Chris Starnes, a mom of three, says she’s held onto her nearly threadbare “Blankie” since childhood. She laughs remembering how she told her husband before they married: “It’s a package deal... you get me and you get my weird blanket problem!” Although she no longer sleeps with her blanket, she keeps it safely within eyesight perched on a shelf in her bedroom closet.
Security objects may remain important, but as kids grow older, they naturally begin to leave the objects of their affection behind, safely secured at home. Dr. Mark McKee, a child psychologist and author of the book Raising a Successful Child: The Manual, says by the time most kids enter Kindergarten, they can part with their lovey during the day.
“There may be exceptions and some children may carry a reminder, such as a cut-off corner of a blanket or something else in their pockets, which continues to help them to independently calm fears and anxieties, without anyone the wiser,” he says.
If you hope to begin distancing your child from their attachment to prepare them for school or simply want to avoid the risk of losing a precious lovey, ask them to set aside a spot for it in their room. They can cuddle it when they are in their room, when they are alone, or at naptime or bedtime.
“This boundary cuts out transitional objects in the car, at preschool or on playdates,” says Dr. Fran Walfish, a family psychotherapist and author of The Self-Aware Parent: Resolving Conflict and Building a Better Bond with Your Child.
But never take away the object to punish your child. “These are not objects to use for motivation or discipline, and must remain off-limits in such matters,” says McKee.
Parting with lovey
You may wonder if you can get rid of a tired-looking lovey if your child appears less interested in it. Ask your child if they’re ready to part with it. Never give a security object away without talking to your child first.
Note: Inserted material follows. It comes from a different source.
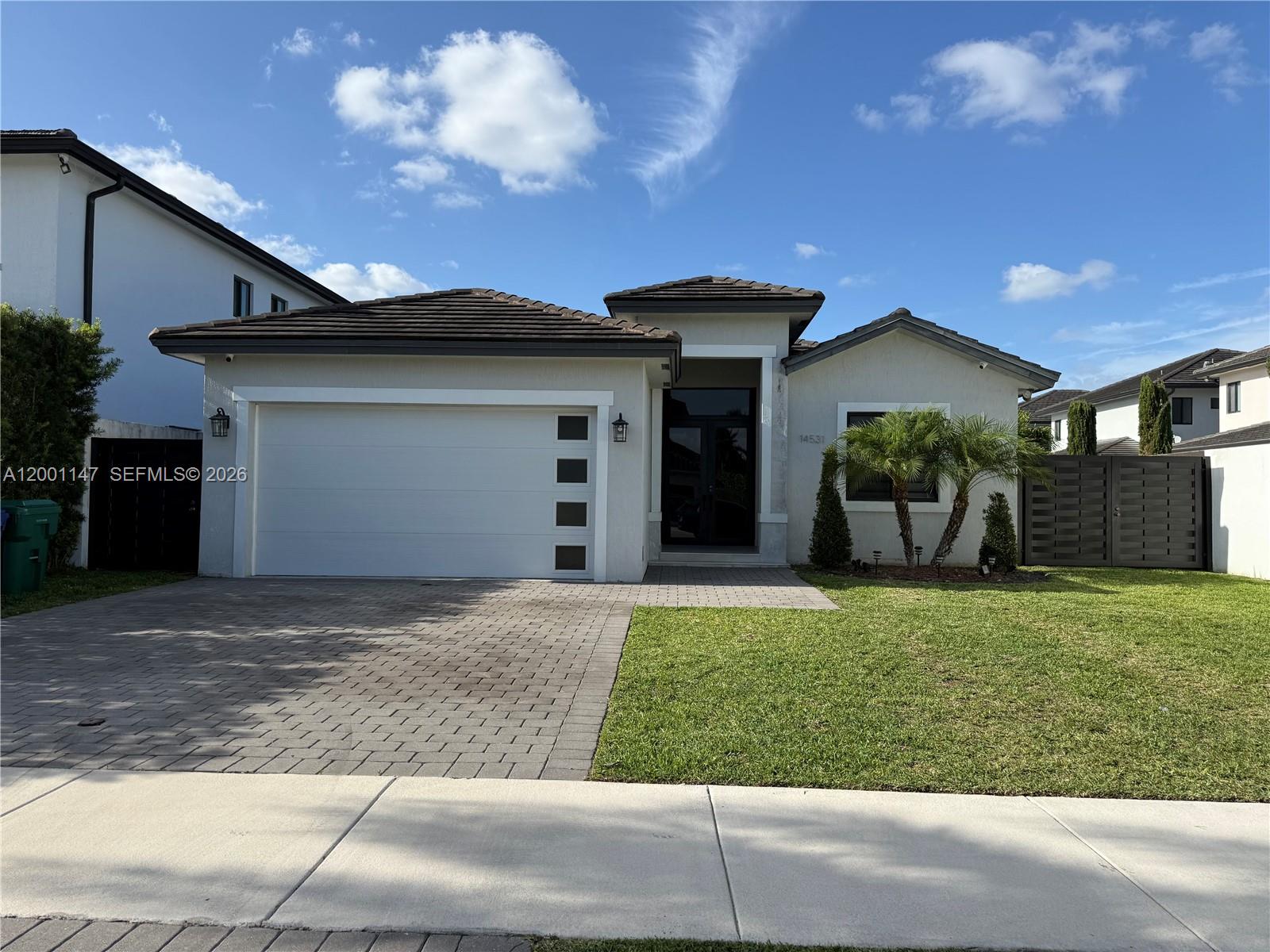 14531 Southwest 21st Street Miami, FL 33175 - Photo 1 of 25 a view of a backyard of the house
“This is a high-risk way of saddening or enraging your child. Always have open, truthful dialogue,” says Walfish.
When your child is ready, put the lovey in a box in the garage, and hold onto it for six to 12 months until you both decide what to do with it. Overall, remember that often kids develop an attachment to an object because they associate it as having similar soothing, loving qualities as their mother or another caretaker.
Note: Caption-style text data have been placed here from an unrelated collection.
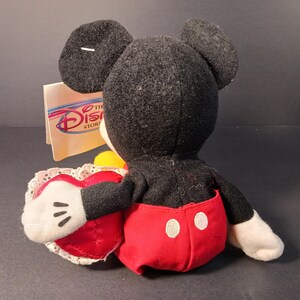 Op de afbeelding: Een Mickey Mouse pluche speelgoed, gezien van achteren, met een rood hartvormig kussen met witte kanten rand. Mickey draagt een rode broek met witte knopen en witte handschoenen. Het Disney Store-label is zichtbaar.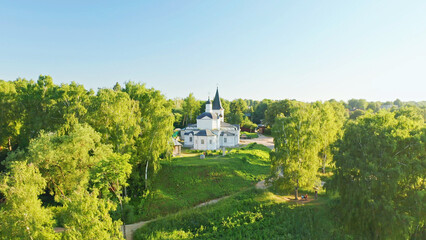 Naklejka premium Church of the Resurrection of Christ, Tarusa, Beautiful summer aerial shots of the Oka river, forests, rivers and fields Russia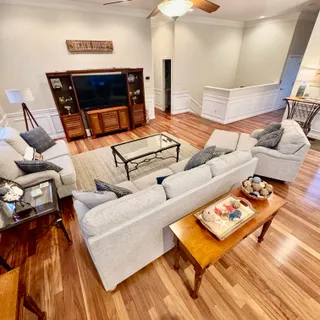 a living room with furniture and a rug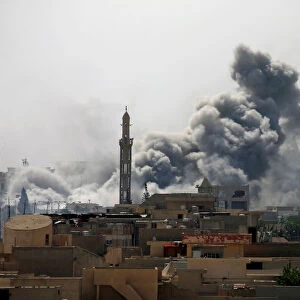 Smoke rises from an airstrike during a battle between Iraqi forces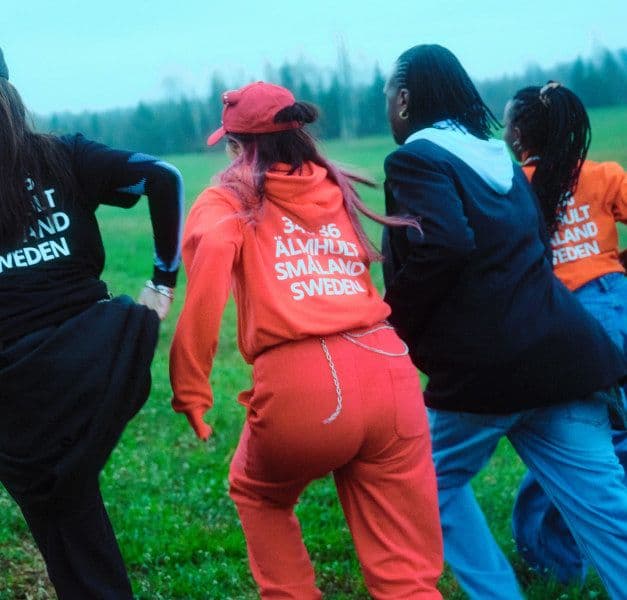 Four persons running on a green field from the camera.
“It is crucial that parents understand the deep importance, pleasure and security the transitional object provides for their child,” says McKee. “At the same time, rest assured that you will recall the power of the object significantly more than your child after they become grown!”
Books about transitional objects
• Dirty Wow Wow and Other Love Stories: A Tribute to the Threadbare Companions of Childhood by Cheryl and Jeffrey Katz
• Knuffle Bunny by Mo Willems
• The Red Blanket by Eliza Thomas
• Blankie by Leslie Patricelli
Freelance writer Christa is the mom of two boys, who both had loveys at one time or another. One carried around a toy windmill and the other has yet to fully part with his beloved blanket.